● **WORK ITEM**: Write out the data again exactly, skipping every picture.

● **DATA SHOWN**:
<<<<

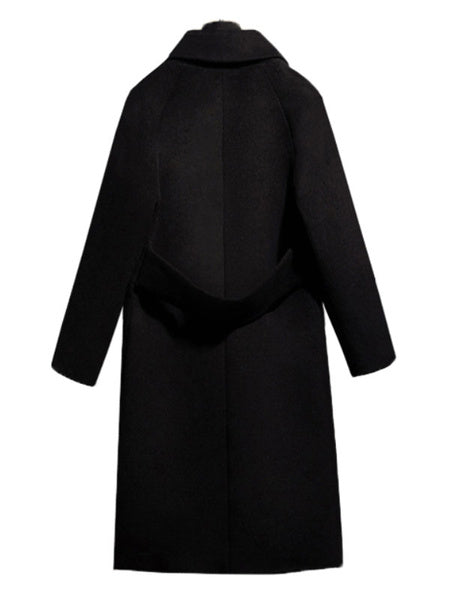 Turndown Collar Long Sleeve Polypropylene Cotton Long Coat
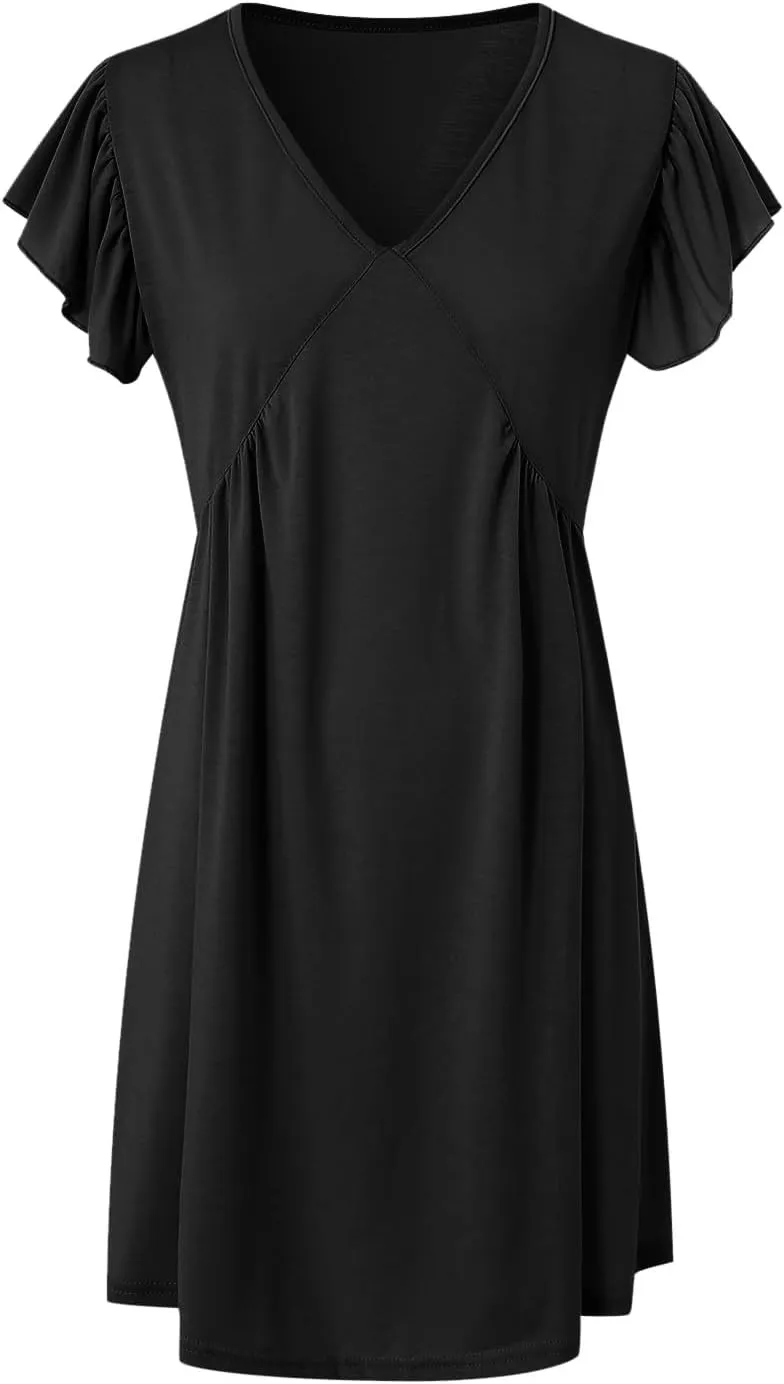 Women's Summer Dresses 2025 Beach Casual Deep V Neck Loose Sundress Ruffle Sleeve Mini Dress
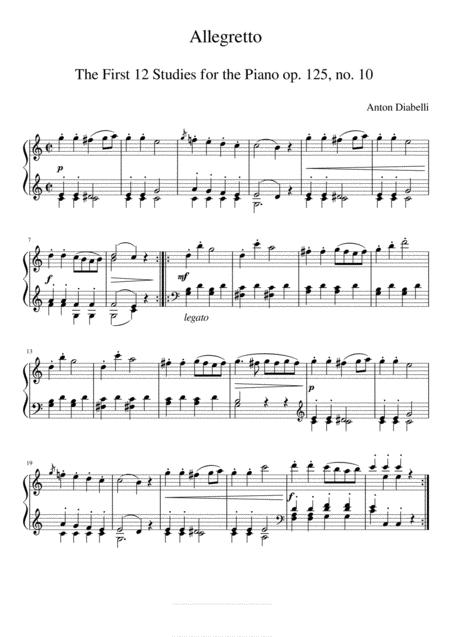 Anton Diabelli Bagatelle C Major Op 125 No 10 Complete Version Sheet Music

>>>>

● **EXERCISE SOLUTION**:
 Turndown Collar Long Sleeve Polypropylene Cotton Long Coat
 Women's Summer Dresses 2025 Beach Casual Deep V Neck Loose Sundress Ruffle Sleeve Mini Dress
 Anton Diabelli Bagatelle C Major Op 125 No 10 Complete Version Sheet Music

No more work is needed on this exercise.